Telelogic AB was a software business headquartered in Malmö, Sweden. Telelogic was founded in 1983 as a research and development arm of Televerket, the Swedish department of telecom (now part of TeliaSonera).  It was later acquired by IBM Rational, and exists under the IBM software group.

Telelogic had operations in 22 countries and had been publicly traded since 1999. CEO and President in 2001 was Anders Lidbeck. On June 11, 2007, IBM announced that it had made a cash offer to acquire Telelogic. On August 29, 2007, the European Union opened an investigation into the acquisition.
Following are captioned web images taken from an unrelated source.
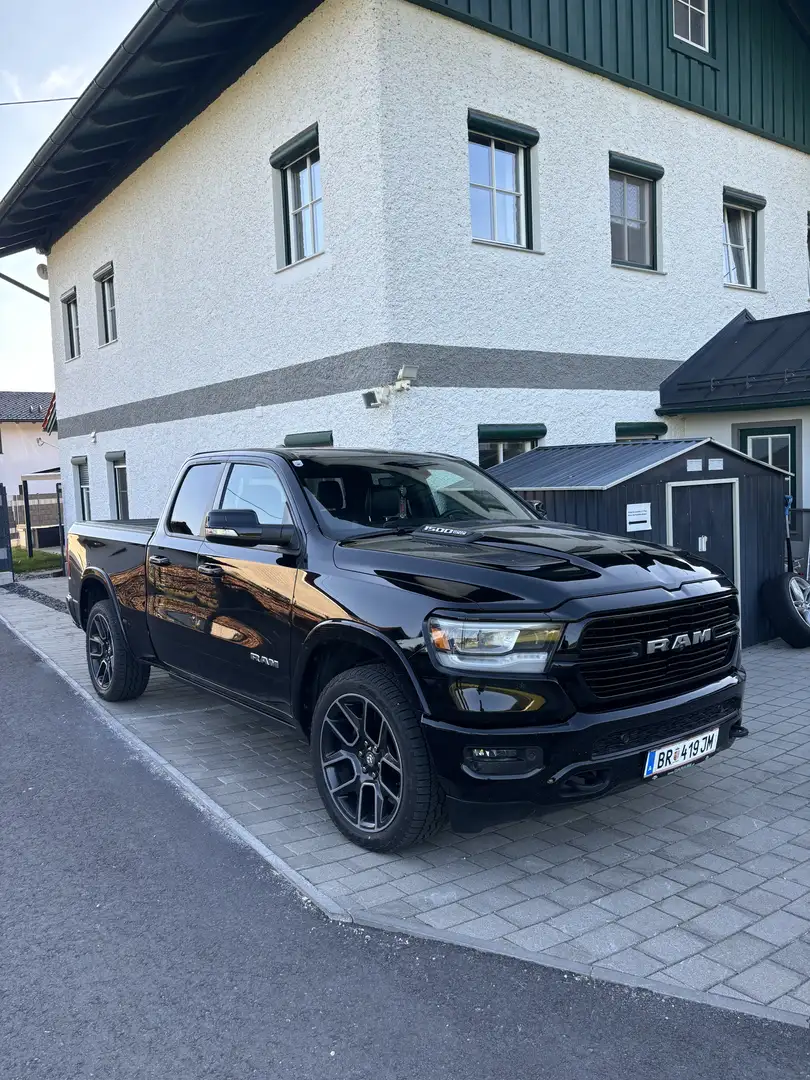 Dodge RAM Laramie Mwst. Ausweisbar - 1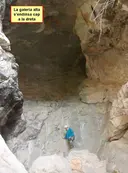Forat Negre d'escales - Thumbnail 6, Montagut i Oix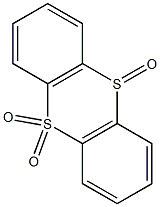 Thianthrene, 5,5,10-trioxide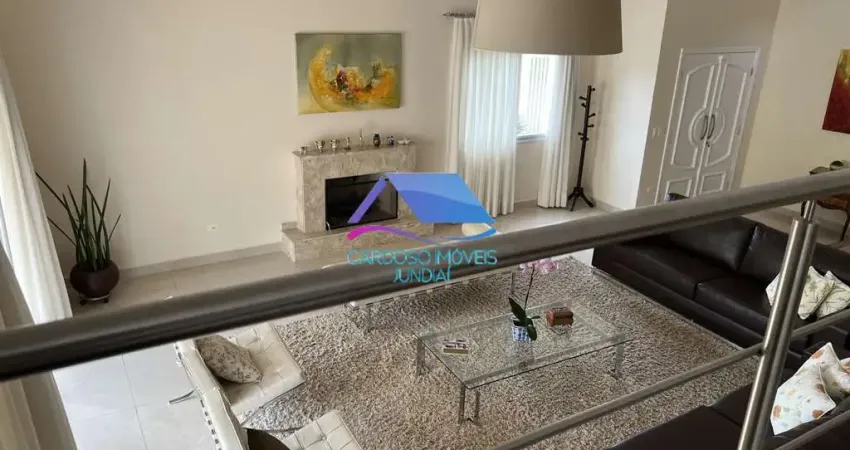 Casa com 4 quartos à venda na Chácara Malota, Jundiaí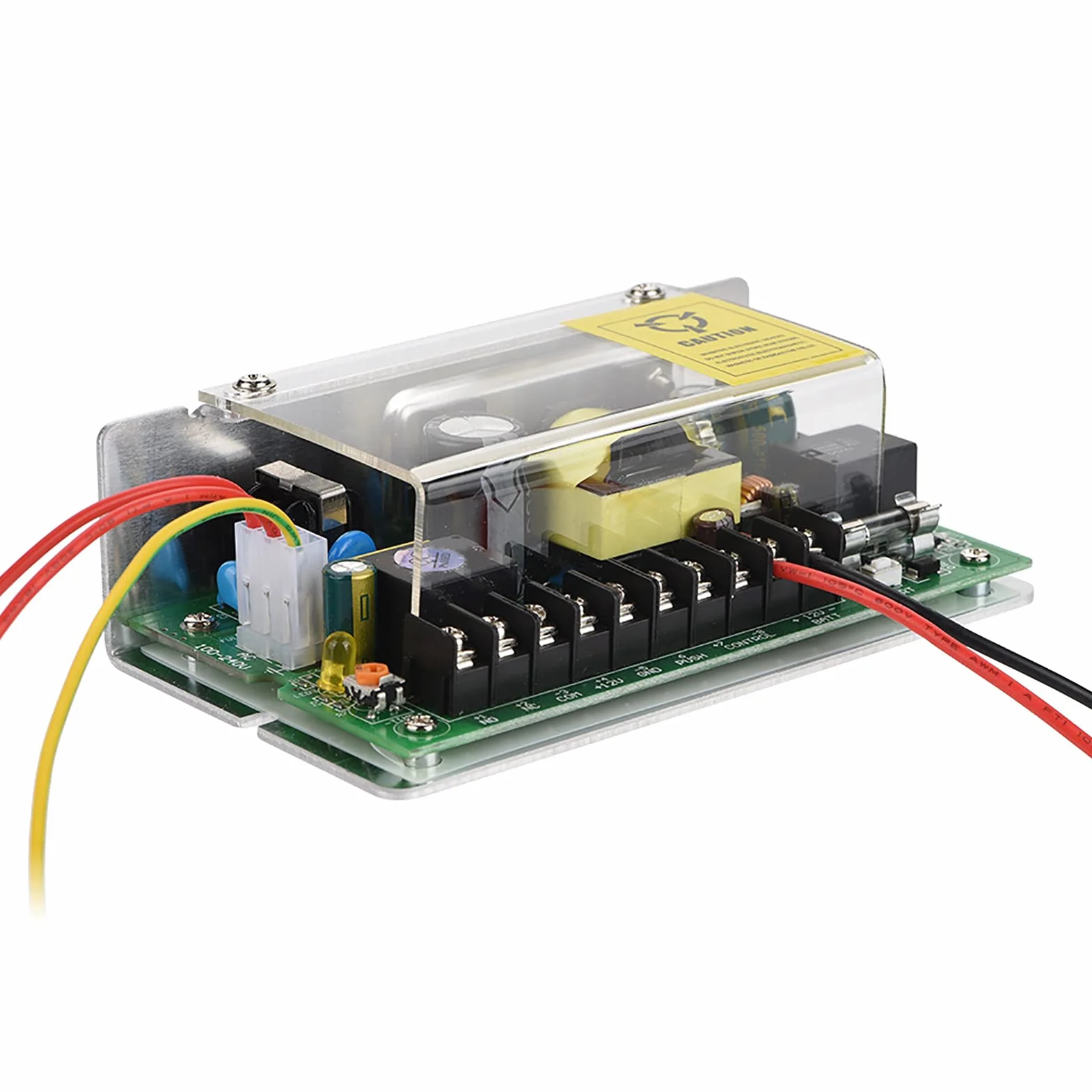 Zasilacz 12V 5A, System Kontroli Dostępu Przełącznik Drzwi Rfid do Zdalnego Dostępu do Drzwi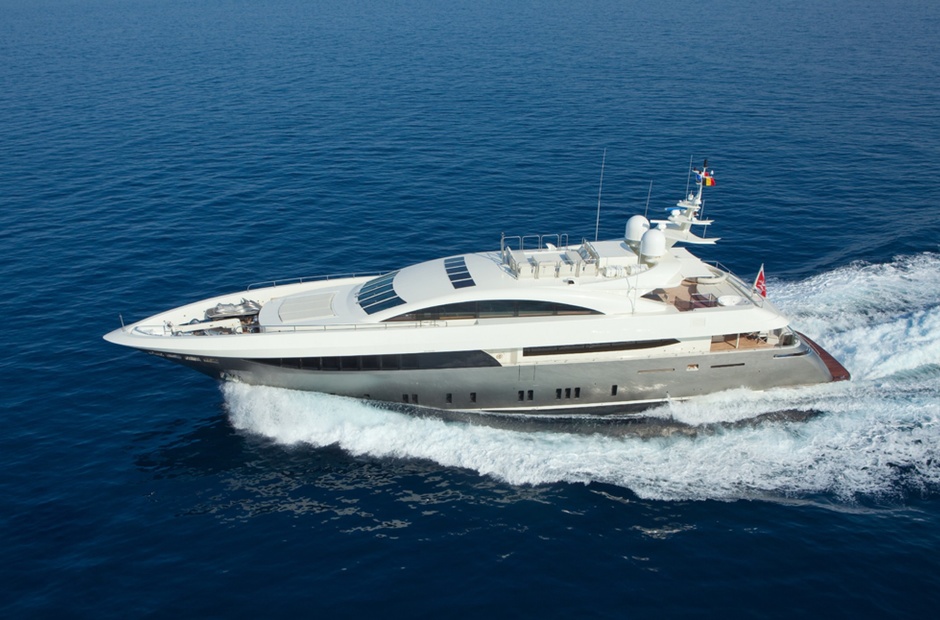 Mondomarine Sierra Romeo
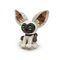 Avatar: The Last Airbender Plush Figure Momo Shoulder Rider 15 cm
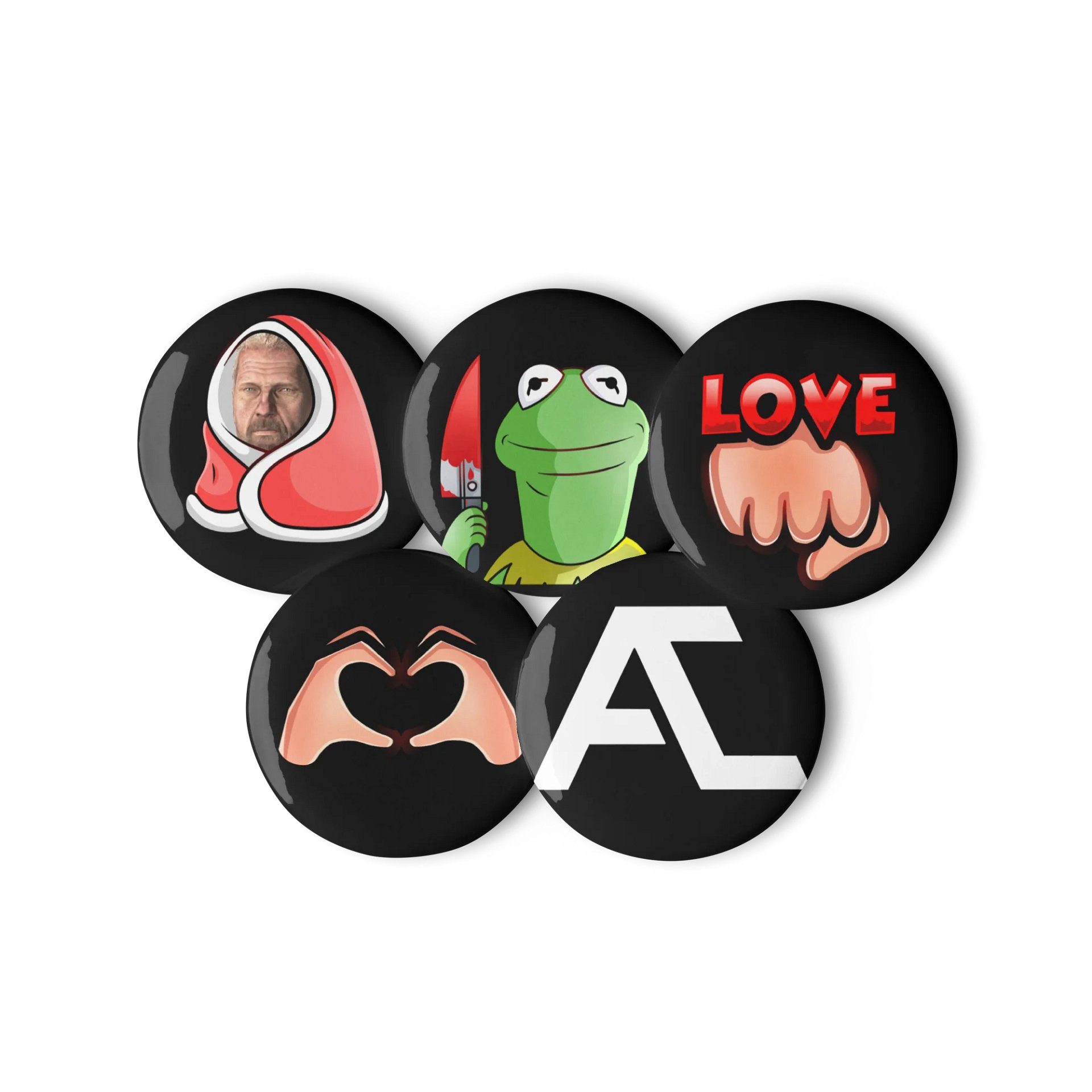AC Pin Set product image (2)
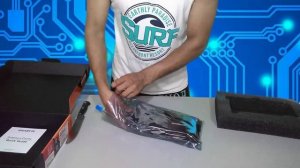 UNBOXING AMD RADEON RX 5600 XT WINDFORCE OC 6GB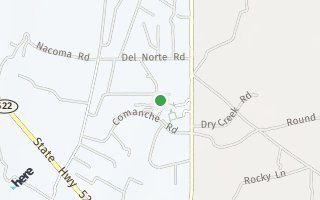 Map of Quail Ridge Inn 203, Taos, NM 87571, USA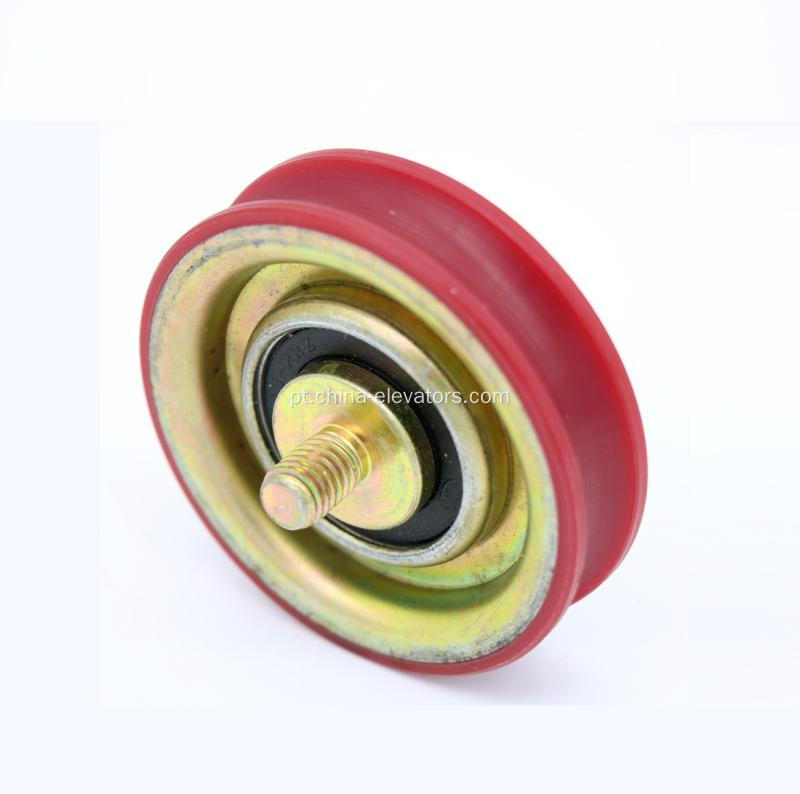 57602956 Rolo de suporte de porta V30 Φ74mm para elevadores Sch******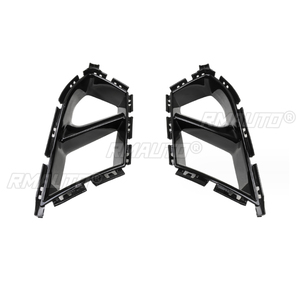 Cubiertas Decorativas para las Rejillas de Ventilación del Parachoques Delantero y las Faros Antiniebla para BMW Serie 3 y 4 G80 G82 G83 M3 M4 2020 2021 2022 2023 Estilo MP - Product Image 4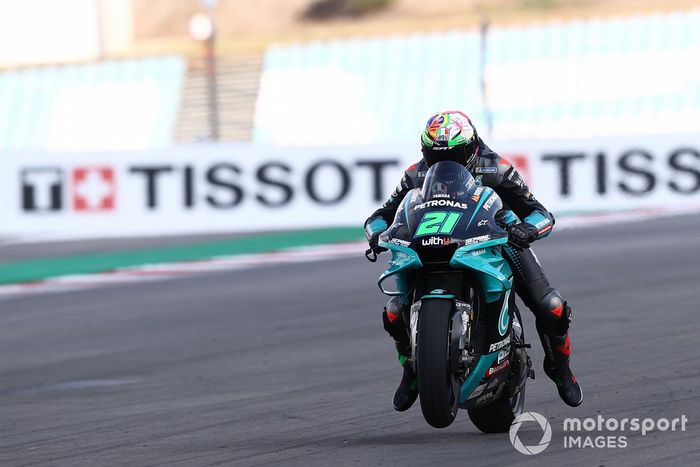 Franco Morbidelli, Petronas Yamaha SRT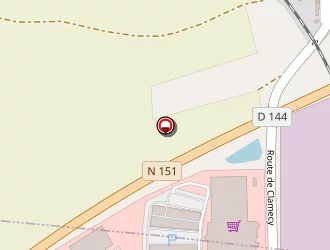 Carte de Sécuritest à Clamecy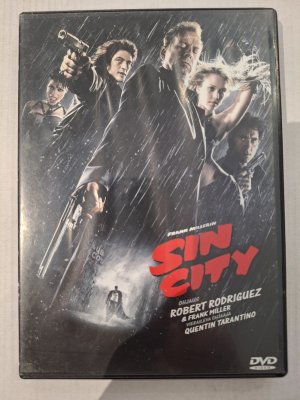Sin City DVD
On March 5, 2008, European regulators approved the acquisition of Telelogic by the Swedish IBM subsidiary Watchtower AB.  On April 28, 2008, IBM completed its purchase of Telelogic.

Former Products

 Focal Point  — System for management of product and project portfolios.
 DOORS — Requirements tracking tool.
 System Architect — Enterprise Architecture and Business Architecture modeling tool.
 Tau — SDL and UML modeling tool.
 Synergy — Task-based version control and configuration management system.
 Rhapsody — Systems engineering and executable UML modeling tool.
 DocExpress — Technical documentation tool, discontinued after the acquisition and superseded by Publishing Engine.
 Publishing Engine — Technical documentation tool

All of these products have been continued under IBM's Rational Software division in the systems engineering and Product lifecycle management (PLM) "solutions" software line.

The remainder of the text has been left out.